There are no strongly drawn Black characters, no role for abolitionists, barely a mention of Frederick Douglass. We do learn, though, of Buchanan’s fatal passivity and Lincoln’s vain attempts to stop the war and the racist South Carolinians who believed that leaving Sumter as a federal fort even as they had seceded was, well, an affront to their Southern pride. How many paid the price for that pride?

“Hitler’s People”

By Richard J. Evans

Evans is one of the foremost historians of Nazi Germany, who, in this case, offers a different take on history, one involving biography, to help settle the question he asks in the first sentence of his preface:

”Who were the Nazis?”

The standard answer is that they were thugs and psychopaths that led a formerly civilized country into a group hysteria that brought us genocide on a scale never seen and leading to an unprecedented number of war dead.

Evans explains that trying to understand individual Nazis was, to most modern historians, an “unfashionable” quest that only led back to Hitler and the cult of personality and allowed the greatest mass of Germans who unblinkingly followed Hitler to get a pass.

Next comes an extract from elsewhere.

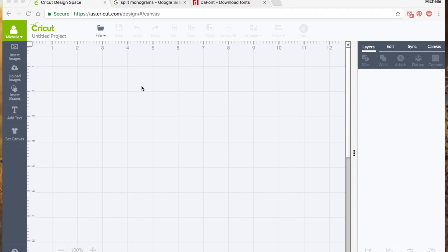Hi everyone, this is Michelle and I decided to do a little mini tutorial series about Cricut Design Space and in particular the five functions that you will find under your layers panel for how to manipulate your images.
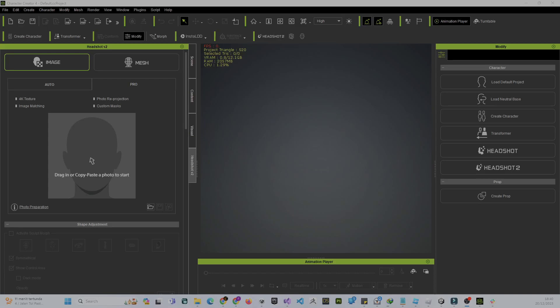Hello, welcome back to my YouTube channel. Today I would like to show you how you can create a very easy stylized character, whether for Unity or for Unreal, using CC4. This is quite good for that purpose.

But Evans has changed his mind. To understand the Third Reich, he now says, you must understand the Nazis as humans, who, as one reviewer put it, were disturbingly like us.

He divides all Nazi Germany into four parts, starting with long section on Hitler himself before offering shorter biographies of “Paladins,” those in Hitler’s inner circle; of “Enforcers,” those enablers who stood in the next tier; and finally the “Instruments,” regular Germans who carried out the day-to-day work that made the Third Reich possible.

We get Göring, Goebbels and Himmler, of course. We get Eichmann and Hendrich. Streicher and Riefenstahl. Less well known, but chillingly key players on a lower level, like Irma Grese, and a look at those we might call fellow travelers. The biographies are short and sharp and, mostly, chilling.

And Evans tells us that he came to write this book as a way of bringing light to the “emergence in our own time of a class of unscrupulous populist politicians.”

Et cetera

My editors advise me once again that it’s possible to run out of room even in cyberspace. And so I’ll leave you with a few more books I read. Using material from her own life, the wonderful Claire Messud writes “The Strange Eventful History,” a multigenerational novel, spanning 70 years and two wars, of a French-Algerian family torn between the two countries. I highly recommend it. And then there’s “Empusium,” a novel by Nobelist Olga Tokarczuk, a “horror” story that takes place at a health resort in 1913, inspired, it seems, by Thomas Mann’s “The Magic Mountain.” Most of the horror is easily explained, except the misogyny of the men who live, and sometimes die, at the sanitarium.  Another top recommendation.